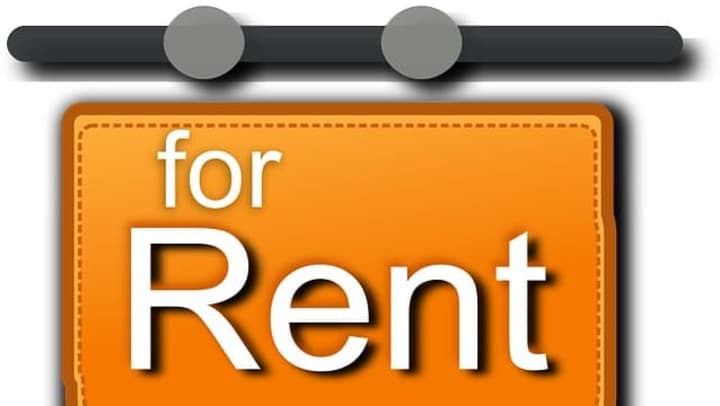 Orange hanging sign with stitched border and white text that reads ‘for Rent.’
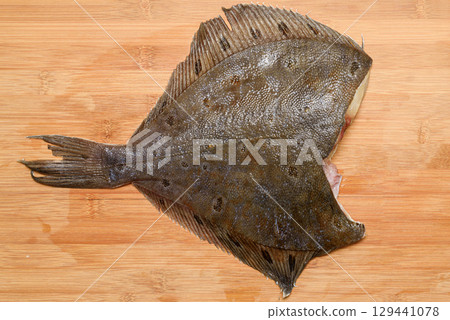 Thawed headless flounder on a cutting board. 129441078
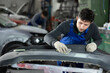© JackF - Car bumper repair in car service - professional car painter polishes and prepares the bumper before painting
━━━━━━━━
• About this task: Beginning with the line that contains "Thawed headless flounder" in the data above, please copy each line exactly until the last line, both ends included, skipping any pictures.

• Result below:
 Thawed headless flounder on a cutting board. 129441078
© JackF - Car bumper repair in car service - professional car painter polishes and prepares the bumper before painting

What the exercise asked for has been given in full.